Dès lors qu'il s'agit de la vie sexuelle, la CEDH considère que les États n'ont qu'une faible marge de manoeuvre et qu'elle doit donc d'assurer que les juges internes ont ménagé un juste équilibre entre les intérêts en présence. Comme elle l'énonce dans l'affaire Ivanov et Petrova c. Bulgarie du 14 juin 2011,  le maintien d'un époux contre son gré dans les liens du mariage peut porter une atteinte excessive à ses droits. En revanche, aux yeux de la Cour européenne, le devoir conjugal ne prend pas en considération le principe du consentement aux relations sexuelles, alors qu'il constitue une limite fondamentale à la liberté sexuelle d'autrui. Elle refuse donc d'admettre que le consentement au mariage emporte consentement aux relations sexuelles. 

Sur ce point, tout le monde est d'accord. Mais le raisonnement de la CEDH est tout de même quelque peu vicié par un glissement, à peine sensible, du droit civil au droit pénal. En effet, elle s'appuie sur le fait que tout acte sexuel non consenti s'analyse comme une violence sexuelle et nous entrons alors dans le domaine pénal. Pour la CEDH, "cet interdit pénal ne suffit pas à priver d'effet l'obligation civile introduite par la jurisprudence". Elle ajoute que "l'idée qu'un mari ne puisse pas être poursuivi pour le viol de sa femme est inacceptable et qu'elle est contraire à une notion civilisée du mariage". On a l'impression très nette que la Cour se laisse emporter par son élan... En effet, le viol et les violences sexuelles entre époux sont pénalement réprimées en France, ce qui garantit tout de même un mariage relativement "civilisé". 

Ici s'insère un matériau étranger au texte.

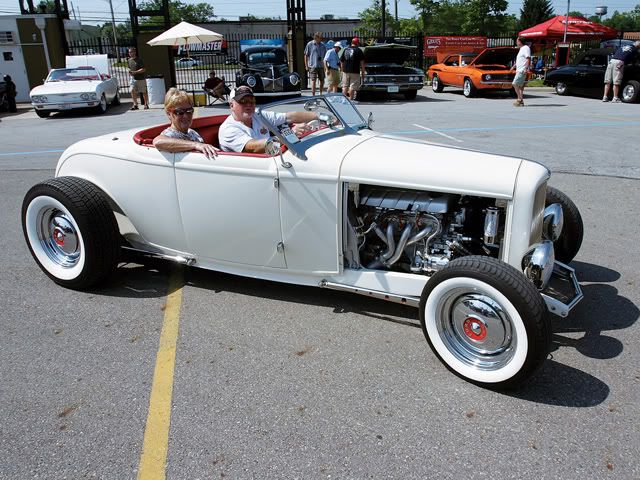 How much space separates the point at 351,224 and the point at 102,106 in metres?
13.7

On peut penser que la notion de "devoir conjugal" devrait disparaître en tant que telle, car elle est finalement inutile. Les juges, souverains dans leur appréciation, ne l'utilisent qu'avec parcimonie et se fondent généralement sur un ensemble d'éléments plus larges pour prononcer un divorce pour manquement aux obligations du mariage. La notion pourrait donc disparaître sans grand dommage pour le droit positif. Il n'en demeure pas moins que le mariage implique des obligations civiles, dont le non-respect est sanctionné civilement. 

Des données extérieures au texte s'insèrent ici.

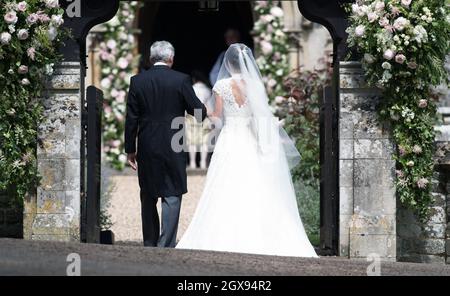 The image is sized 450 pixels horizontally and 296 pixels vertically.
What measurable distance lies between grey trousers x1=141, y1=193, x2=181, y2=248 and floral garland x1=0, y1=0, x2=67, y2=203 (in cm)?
98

La liberté du mariage : Manuel de Libertés publiques version E-Book et version papier, chapitre 8, section 2 § 1


1 commentaire:

  1. L'affaire est à tout le moins complexe tant elle met en cause un certain nombre de principes qui, pour le béotien que nous sommes, peuvent paraître contradictoires en première lecture.

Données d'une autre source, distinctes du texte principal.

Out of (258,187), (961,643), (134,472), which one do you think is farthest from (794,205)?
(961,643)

    Rappelons que les questions de divorce tournent souvent au pugilat entre les époux, les conduisant à utiliser tous les moyens et toutes les procédures pour déstabiliser l'autre ! Telle est la réalité dans ce qu'elle a de plus triviale ! Faisons confiance aux magistrats pour faire le départ entre le vrai et le faux. L'important est que le résultat final soit le moins mauvais pour les époux et leurs enfants.